これは、理学療法などの世界で患者の状態を把握するために用いられるなど、とても重要視されている分類方法です。
まずは、定義されている5つの姿勢タイプの評価基準を学びましょう。
①理想型
姿勢を評価する際に注目する点は、①耳の穴、②腰骨、③大転子、④膝、⑤外踝の2cm前方が一直線上に位置しているかです。
それを全て満たしているのが、図のような姿勢だと言えます。
このような姿勢で立つと、筋の過度な収縮や伸長がなく、どの部分においてもバランスの良い状態が保たれています。

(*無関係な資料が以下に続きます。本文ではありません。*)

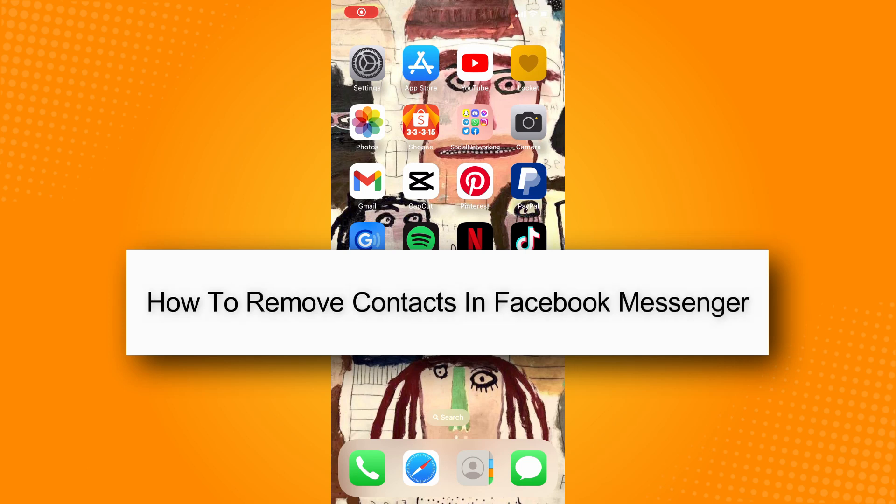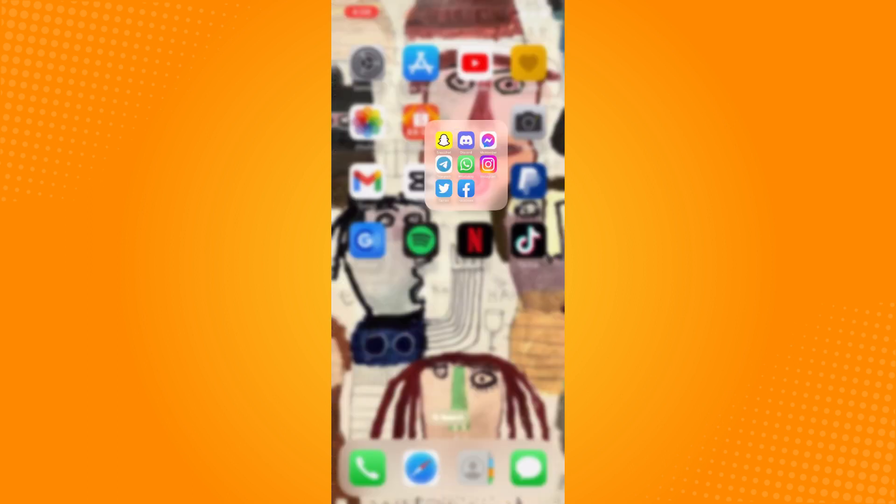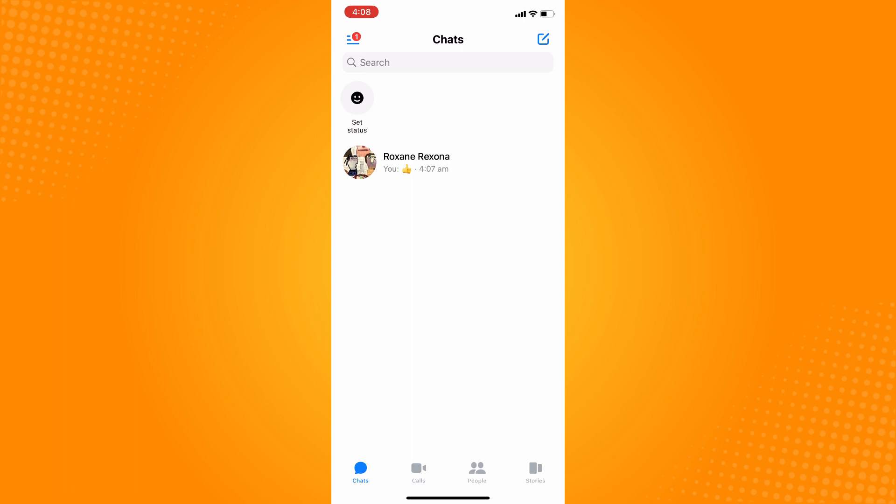How to remove contacts in Facebook Messenger. Now first things first, you have to go to your Messenger application here, and it will lead you to your chat area or all your conversation that you had.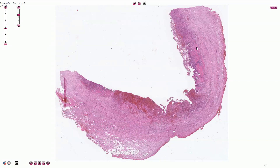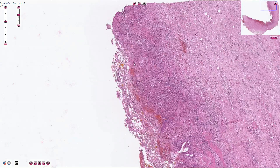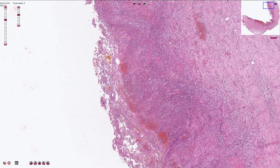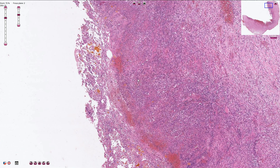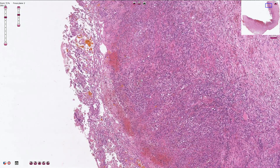Here we see the hyperplastic smooth muscle layer or lamina propria. Here we see prominent fibrosis, and if we go closer we can see that the mucosa of the gallbladder is mostly eroded and the gallbladder is infiltrated by the acute inflammatory exudate.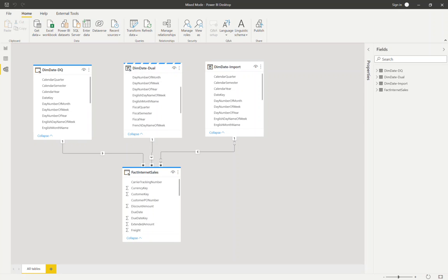Hello and welcome to another video in the dax.tips series on aggregations. In this video we're going to focus on the storage mode that you can select for individual tables involved in the data model when you're using aggregations.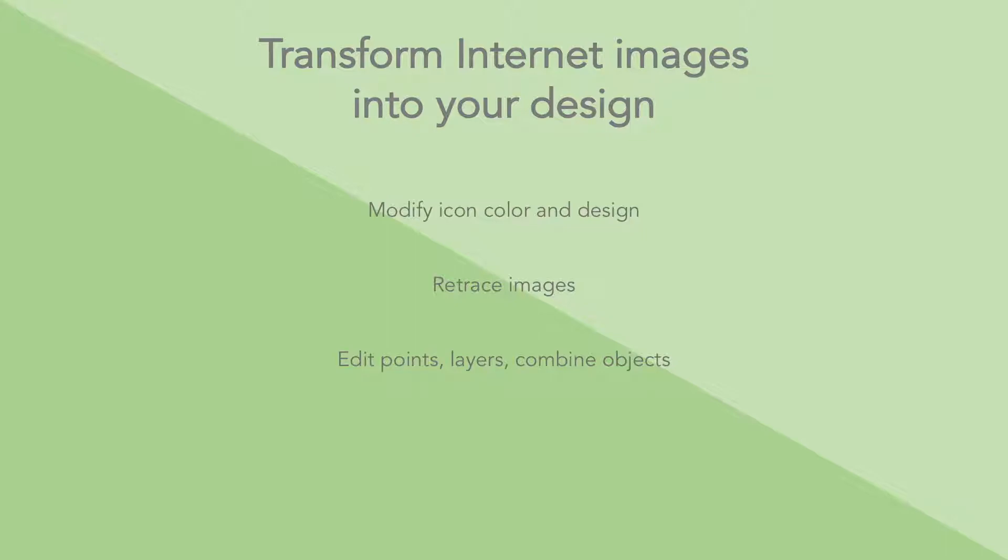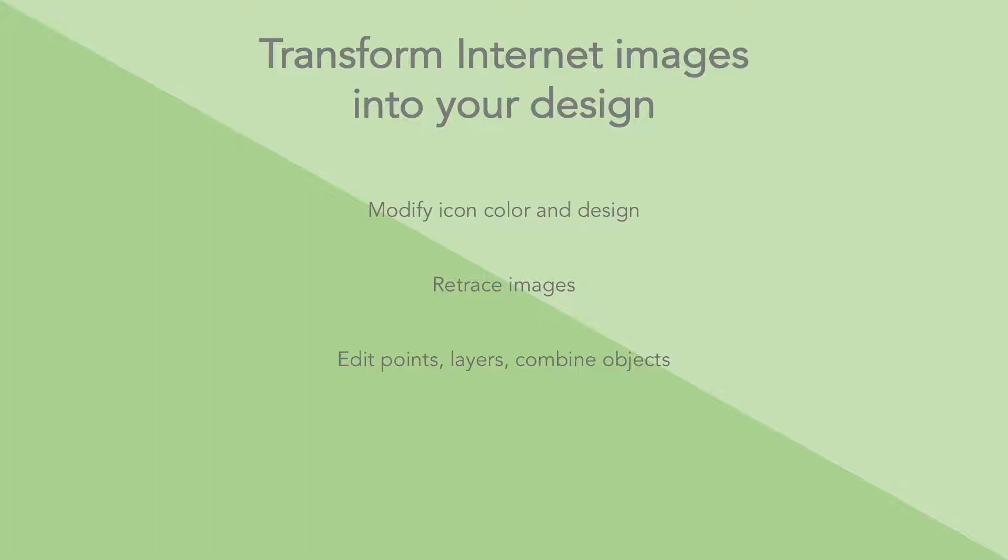We're also going to learn how to retrace images to recreate your own image from the sample that you want to design. To do that, we're going to learn how edit points work with layers and combine objects can help us in retracing and recreating the image.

筋のバランスが良いということはそれに関連する腱や骨も本来あるべき場所に位置しているため、運動をしても負担がかかりにくく、怪我をするリスクも軽減できると言えるでしょう。
②後湾ー前弯型
後弯ー前弯型と言われるこの姿勢では、理想型に比べて胸椎が後弯し、腰椎が過度に前弯しています。
その影響もあり、骨盤が前傾しているのがこのタイプの特徴です。
この姿勢では、体重が前方にかかりやすくなるため、バランスをとるために太ももの前の部分に過緊張が起こります。
また頭も前方に傾くため、それを後方に引っ張る首の筋肉が過緊張を起こし、首痛を発症しやすいとも言われています。
③平坦型
本来はなめらかなカーブを描くのが理想的な胸椎。
そのカーブがなくなり、まっすぐに腰椎へとつながるような構造になっているのが平坦型の大きな特徴です。
これにより、骨盤が後ろに引っ張られて後傾してしまい、足が前に出にくくなっています。
また、首、腰、背中、肩などさまざまな部位の衝撃を吸収できずに負担が大きくなるのも平坦型が持つ危険性だと言えるでしょう。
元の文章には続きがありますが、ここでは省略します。